Pluralism in America allows the viewer to see the United States through Dr. Diana Eck's prism, in which she views the U.S. as a new religious landscape. She delights in America as the most religiously diverse nation in the world, and has a profound understanding of the complex challenges such diversity presents.
Dr. Eck considers the essential question facing American society to be how Americans of all faiths and beliefs can engage with one another to shape a country of positive pluralism.
The great diversity of religious beliefs in the U.S. has become what she calls a "Main Street phenomenon." There are more American Muslims than American Episcopalians, Jews or Presbyterians, she notes, and she calls for a new theology of commonality.

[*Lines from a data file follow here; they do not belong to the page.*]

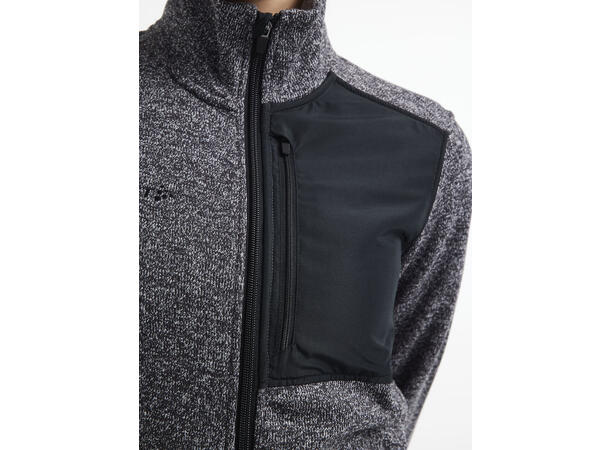 Craft ADV Explore Heavy Fleece W Mørkegrå S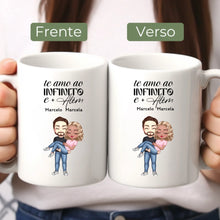 Carregar imagem no visualizador da galeria, Caneca Te Amo Ao Infinito e Além - Coleção Dia dos Namorados 2025
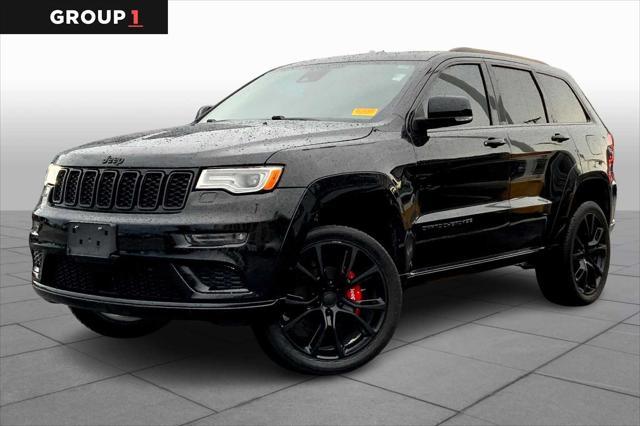 2017 Jeep Grand Cherokee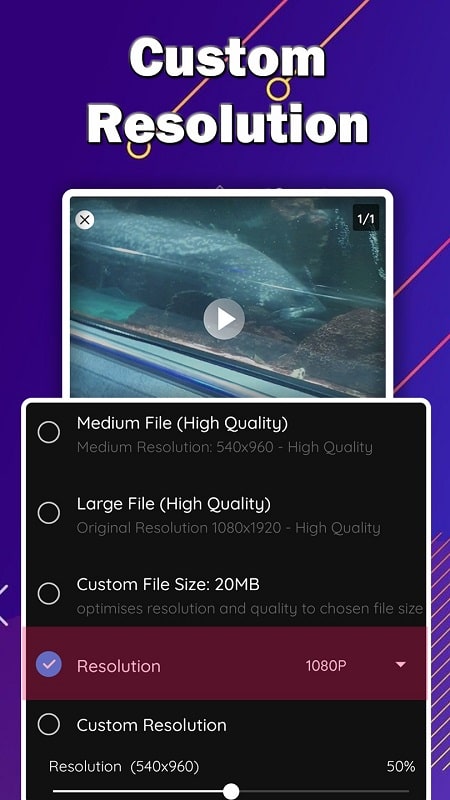 Compress Video – Video Resizer APK - screenshot 3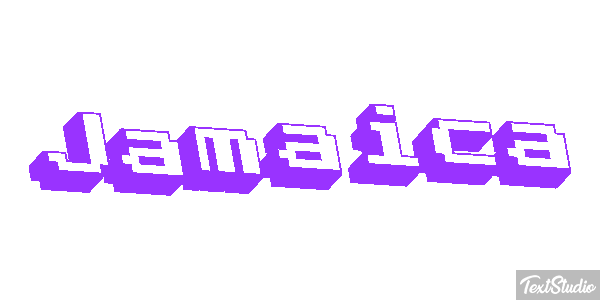 Jamaica Text effect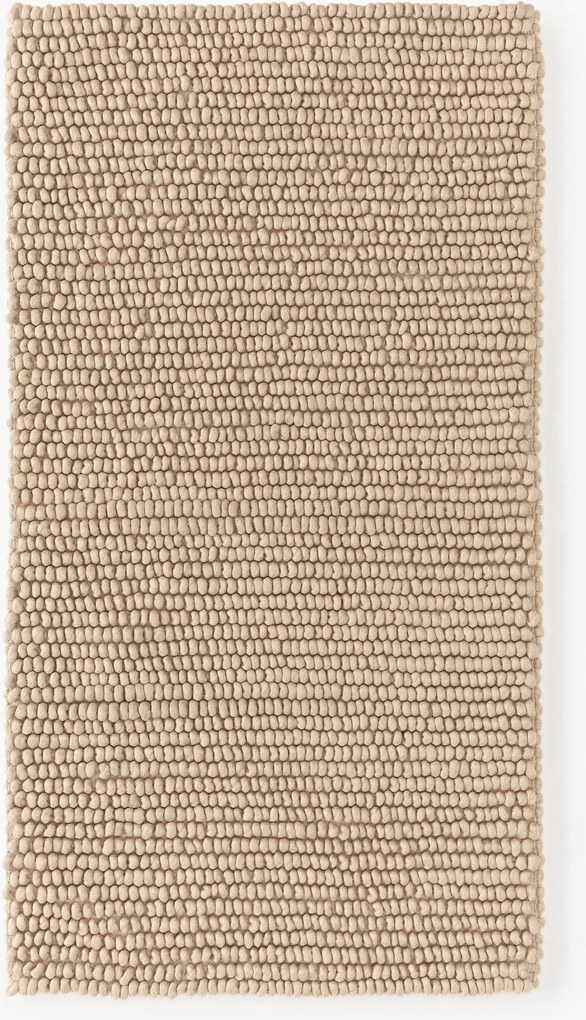 Ručne tkaný vlnený koberec Pebble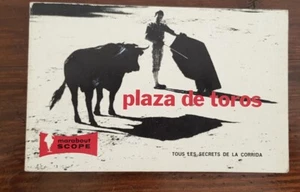 CORRIDA TAUROMACHIE TOROS PLAZA DE TOROS MARABOUT SCOPE CLERGUE CARTIER BRESSON - Imagen 1 de 7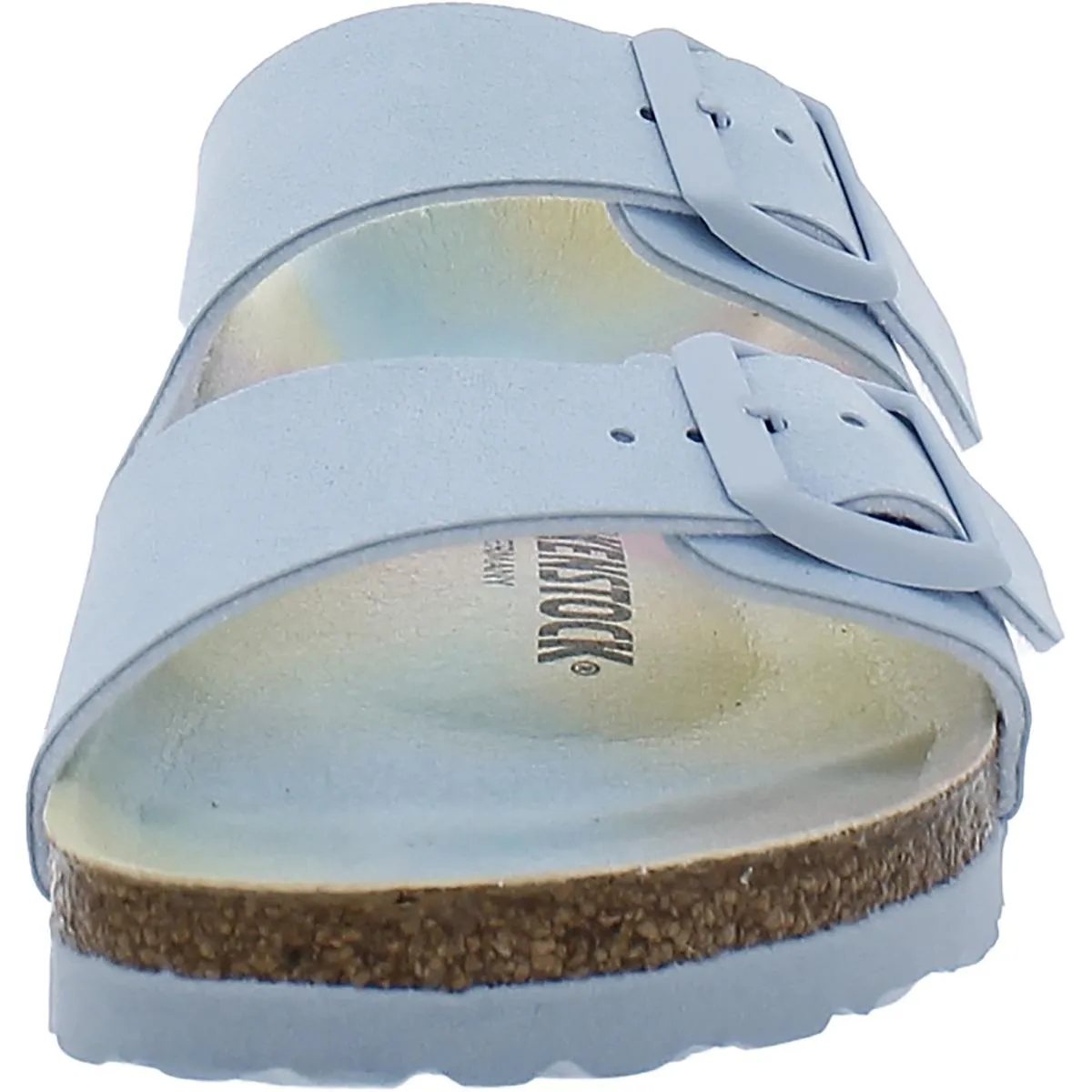 Arizona BS Damen Kunstleder Sandalen mit Doppelriemen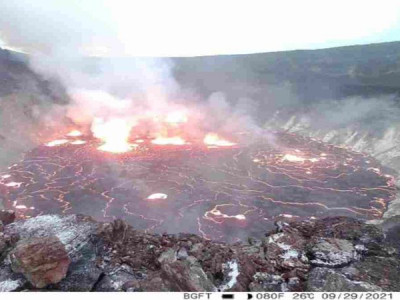 Havaí: Vulcão Kilauea volta a entrar em erupção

In a lecture given in November of 2004 at the National Interfaith Dialogue Gathering in Washington, DC, sponsored by the Interfaith Alliance Foundation, Dr. Eck discussed religious pluralism in terms of global, national, civic and theological issues.
Dr. Eck noted that her own faith is not threatened by the fact that there are other spiritual paths to God. "Democracy doesn't function well," she said, "if you're afraid of your neighbors."
She argued that pluralism is not just about diversity but about engagement and she urged individuals to engage through interfaith dialogue. Pluralism "is not just tolerance, which creates a climate of restraint but not understanding. Tolerance is too fragile a foundation for the world in which we live," according to Dr. Eck.
And finally, Dr. Eck cautioned that pluralism does not mean relativism, or "the lowest common denominator of things we believe. Don't abandon differences but engage, she advised, "and hold [differences] in relation to each other."
Dr. Eck is Professor of Comparative Religion and Indian Studies and Director of the Pluralism Project at Harvard. The Pluralism Project documents the growing presence of the Muslim, Buddhist, Hindu, Sikh, Jain and Zoroastrian communities in the U.S. In 1998, Dr. Eck received the National Humanities Medal from President Clinton and the National Endowment for the Humanities for the work of the Pluralism Project.